Food inflation resumed its dominance in the inflation basket, increasing to 13.1 percent in November and was higher than both the 11.5 percent in October, and the average of 10.4 percent for the last 12 months, Koku Devitor reports

GHANA’S headline inflation climbed up to 12.2 percent in November as commodity prices soar, latest data released by the Ghana Statistical Service (GSS) on Wednesday said.

The November inflation rate was 1.2 percentage points higher than the 11 percent recorded in October and the highest since the rebasing of the inflation basket in 2019.

Also the 12.2 percent inflation rate is higher than Bank of Ghana’s medium-term target band of 8.0 percent, ± two percent.

‘The November inflation rate was due to the combined effect of higher food and non-food prices during the month under review,’ Samuel Kobina Annim, the Government Statistician said.

Food inflation resumed its dominance in the inflation basket, increasing to 13.1 percent in November and was higher than both the 11.5 percent in October, and the average of 10.4 percent for the last 12 months.

Non-food inflation also increased to 11.6 percent in November from a previous level of 11 percent, partly due to higher fuel and transport costs, said the head of the GSS.

He added that inflation being a key macroeconomic variable tends to impact all other macroeconomic variables.

The Bank of Ghana hiked its benchmark policy rate by 100 basis points to 14.5 percent during its last meeting in November in response to the rising inflation.  The bank uses the inflation targeting model as its key monetary policy tool to achieve the core mandate of price stability.
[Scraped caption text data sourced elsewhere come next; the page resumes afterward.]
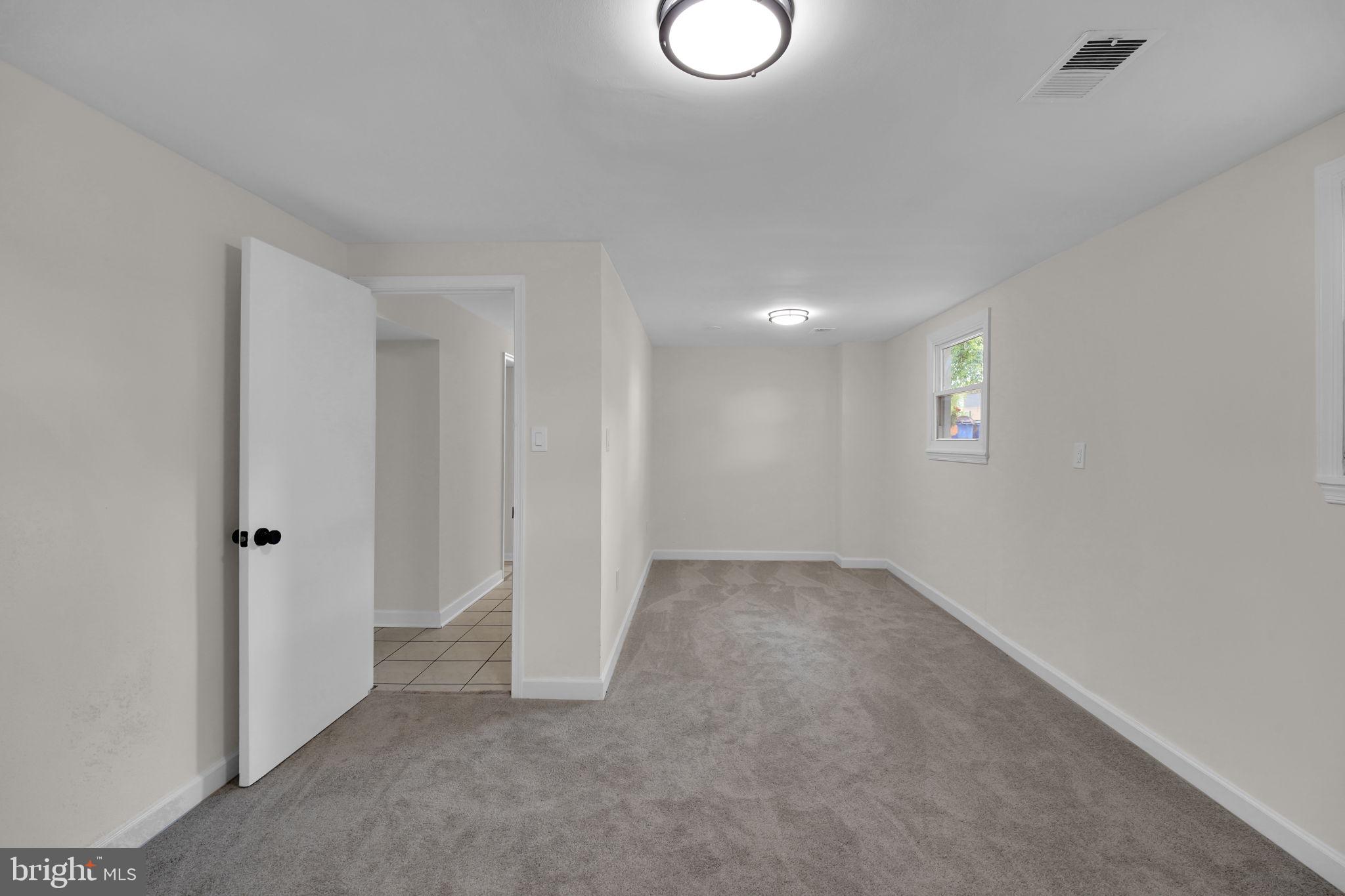 8613 Weems Road Manassas, VA 20110 - Photo 21 of 50 a view of an empty room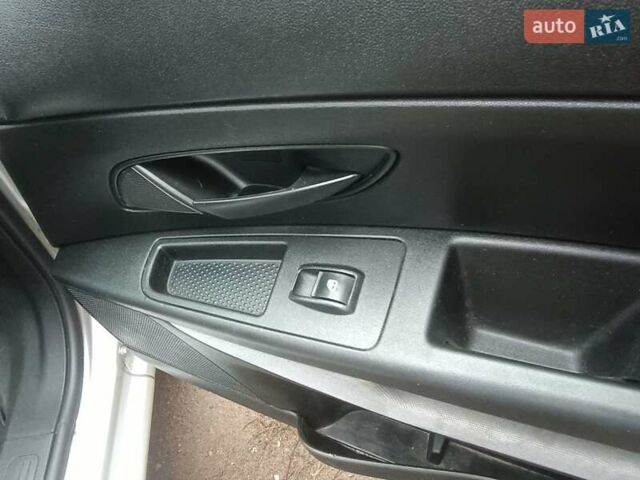 Серый Фиат Линеа, объемом двигателя 1.37 л и пробегом 180 тыс. км за 490 $, фото 44 на Automoto.ua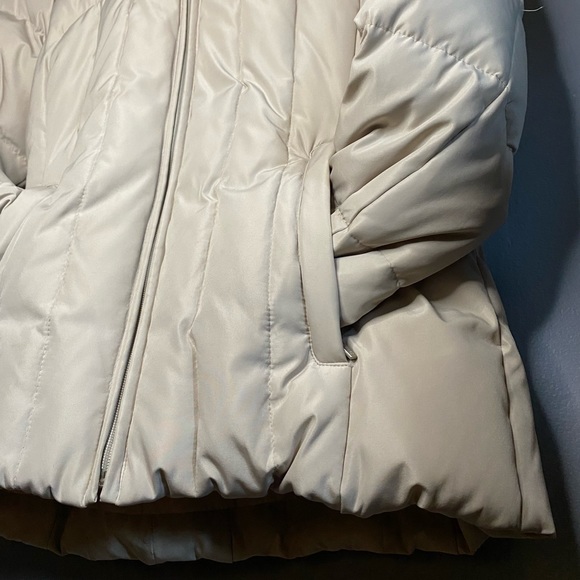 Calvin Klein Cream Ski & Snow Jacket with Fur Hood - Picture 3 of 11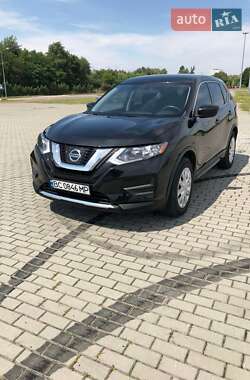 Внедорожник / Кроссовер Nissan Rogue 2017 в Львове
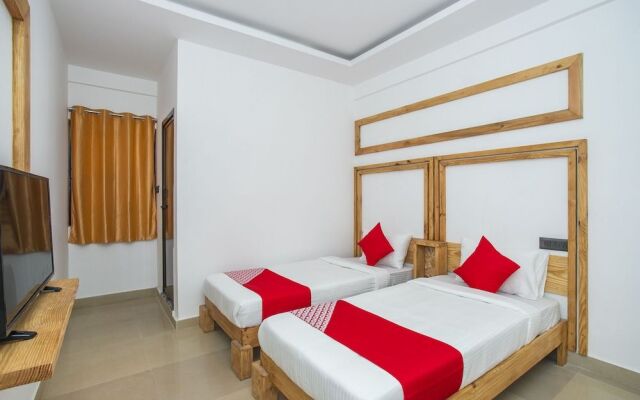 OYO 15111 Greencity Comforts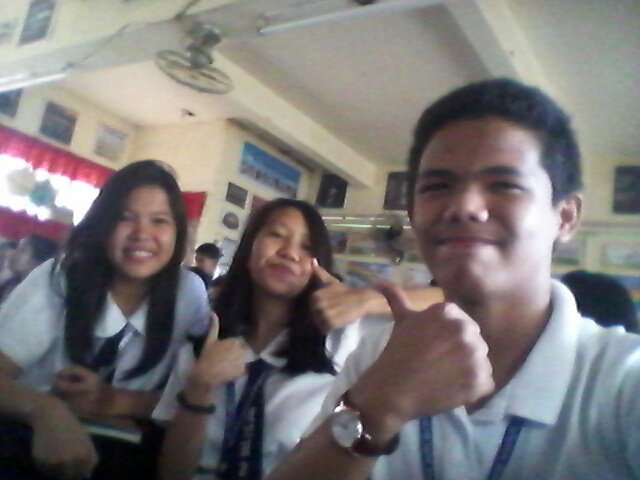 NGlinogo's tweet photo. Picture!Picture!because Math teacher are absent..hehehehe.. https://t.co/2horeoBtJQ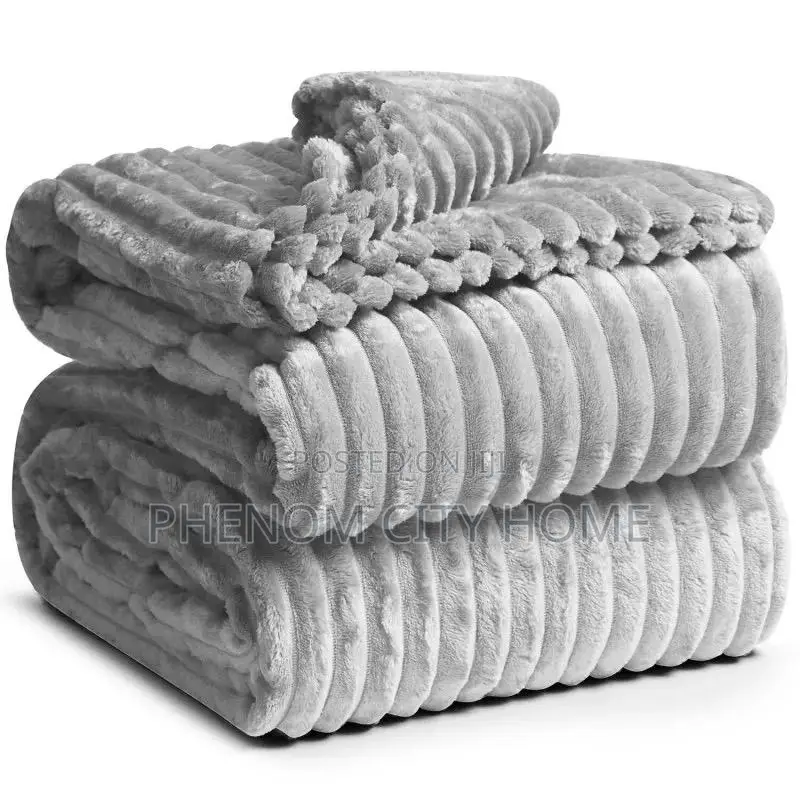 High Quality Fleece Throw Blankets Available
Ernest Addison, the Governor of the Bank of Ghana, acknowledged some lingering risks to the inflation outlook during the November meeting, despite the gradual recovery of the domestic economy.

‘These risks include rising global inflation, high energy prices, uncertainties surrounding food prices, and investor behaviour,’ said Addison.

He added that these elevated inflationary risks required prompt policy action to re-anchor inflation expectations to safeguard the central bank’s price stability objective.